Somewhere in the middle of “what is supported right now”. In Adélie, we have Python 3.6, Ruby 2.5. If you really need something from the latest version, we’re probably not forced to ship your software until we have the new language version.
Oh, I really don’t want to name and shame. Most packages are at least somewhat sane and can be coerced into building properly even on our environments. The negative examples I could think of would be Google products – libvpx is a horror show, and Chromium… well, they’re not even packagable.

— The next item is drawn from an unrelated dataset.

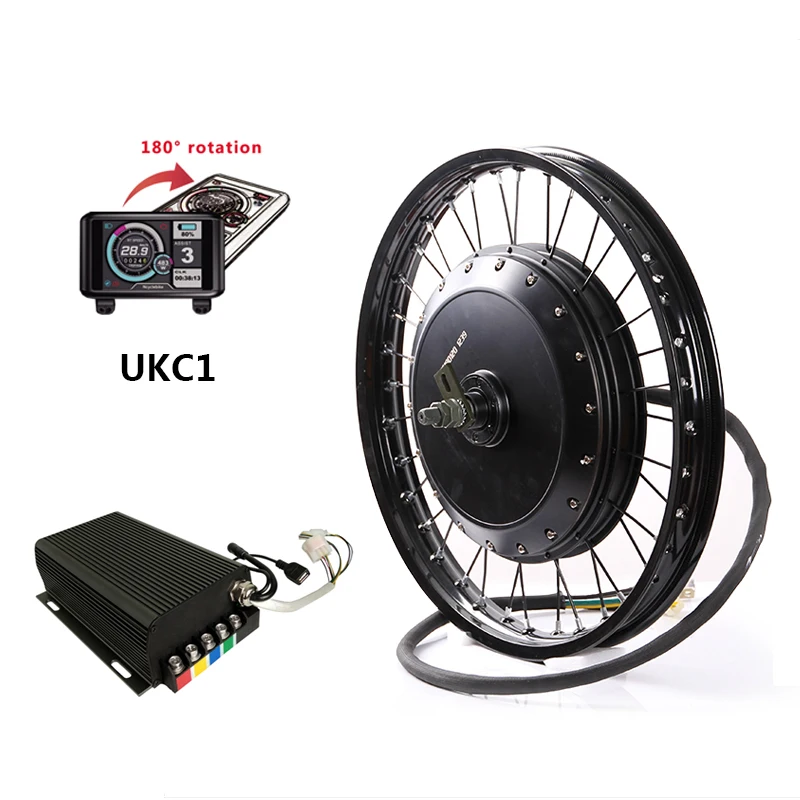 Powerful high speed fast QS V3 273 8000w 12000w motor wheel ebike motorcycle 18inch 19inch full kit for motorcycle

The most useful is having a branch of your last stable version and apply security fixes to that branch as well. Not everyone has the time or patience to do that, so at least:
It doesn’t have to be. CMake works well. Meson is a bit annoying at times when people use it improperly, but can also work well.
Of course! Use the simplest tool that works for you. That helps not just us, but your own maintenance (less to worry about).
scons is a bit of a pain, but most of the others are fine.
Any examples of improper use? I really can’t think of a Meson-specific way to misuse the build system, Meson is designed to avoid that as much as possible :)
GLib doesn’t set ‘install: true’ on their static libraries causing link failures on downstream apps that require GLib charset stuff because they have no idea how to conditionalise it based on whether the target is glibc or not.